Although we don't believe in timing the market or panicking over market movements, we do like to keep an eye on big changes -- just in case they're material to our investing thesis.

What: Shares of digital advertising technologist Rocket Fuel Inc (NASDAQ: FUEL) plummeted 25% today after its current-quarter outlook missed Wall Street expectations.

So what: The stock has been crushed in 2014 on signs of slowing growth, and today's downbeat outlook only reinforces those concerns. While Rocket Fuel's Q1 adjusted loss of $0.18 managed to top estimates on a revenue surge of 95%, Mr. Market's reaction suggests that it isn't growing fast enough to justify its seemingly lofty forward P/E.

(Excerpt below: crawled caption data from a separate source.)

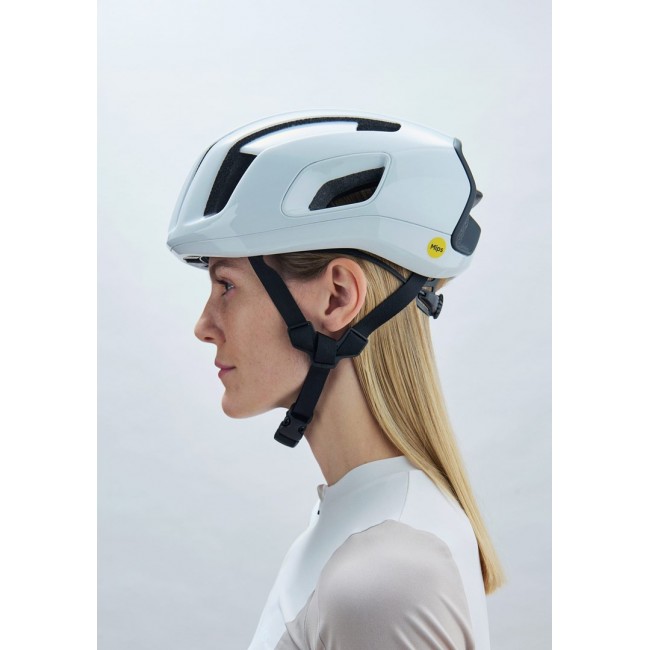 POC Cytal White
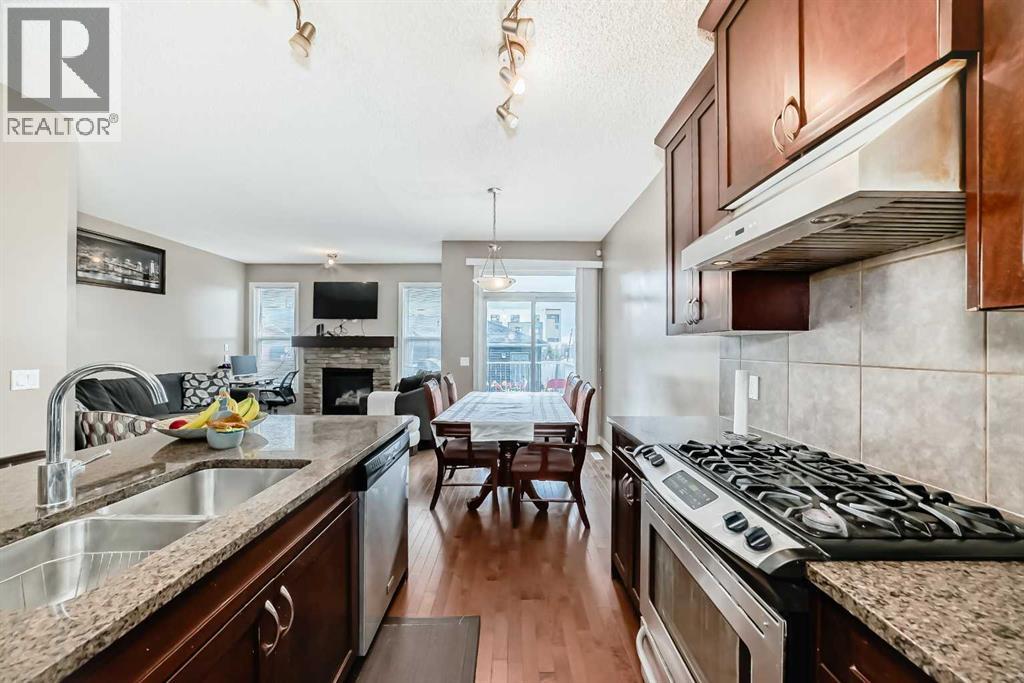 104 Redstone Avenue NE, Calgary, Alberta  T3N 0J6 - Photo 9 - A2322859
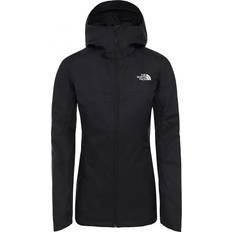 The North Face Dame - Friluftsjakker The North Face Women's Quest Insulated Jacket - TNF Black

Now what: Management now sees Q2 revenue of $88 million to $92 million, well below the average analyst estimate of $101.8 million. "Ongoing investment in our proprietary technology platform and our global team helped drive continued strong growth in the first quarter," said CFO J. Peter Bardwick. "We are reiterating our 2014 guidance as we expect revenue growth in the latter half of the year to increase slightly from our expected Q2 growth rate due to a number of factors, including the impact of recent sales hiring and expanded offerings that enhance our current product suite." More importantly, with Rocket Fuel boasting a rock-solid balance sheet and its stock now off a whopping 70% from its 52-week highs, the downside might finally be limited enough to bet on it.